Frequent trips to Airtricity League grounds to scout potential talent will help him to settle quickly, Laws says, as will his experience of working with Irish players who have made the move cross-channel.

“The one thing you get from Irish players is honesty and endeavour. They’re great in the dressing rooms, they give their all in every aspect and that’s something that attracts managers. I’ve been doing that for years, coming over and watching games. You certainly don’t forget.”

With the only remaining silverware of the season on the line on Saturday and every league point precious in the race for European spots, Laws knows that he won’t have the opportunity to reinvent Rovers in seven games.

“Hopefully I can help them get the spark back.
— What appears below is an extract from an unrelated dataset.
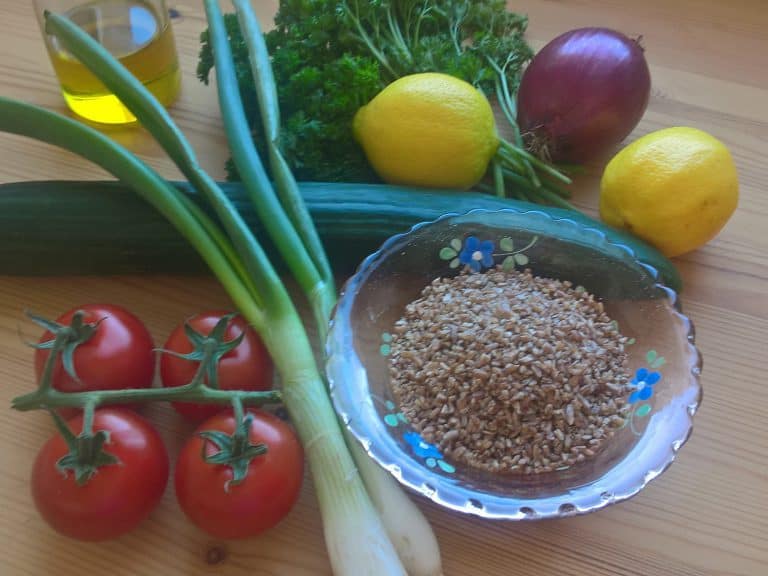 Tabouleh - osvěžující levantský bylinkový salát s bulgurem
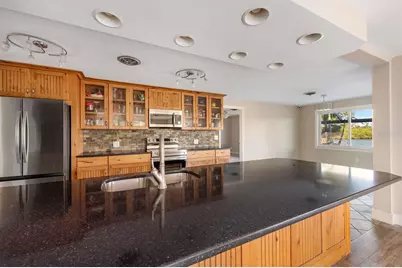 300 E Bay Heights Avenue, Englewood, FL 34223 - Photo 11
Maybe they’ve lost that of late and if I reignite the spark for them and get some consistency, hey, you never know. The one thing we have at this moment in time is something to play for.

He adds: “To implement huge changes in a footballing aspect is impossible. In fact, it would probably hinder rather than help.”

I want them to play football but I also want them to be organised and be prepared for what sort of task they have ahead of them. I’m always very strong on organisation and making sure they exactly know their jobs and roles and responsibilities. Other than that, I won’t be changing a hell of a lot because we don’t have that timescale.

They’ve got good players, they can play good football. I’ve seen that. I just want to get that consistency in there somehow.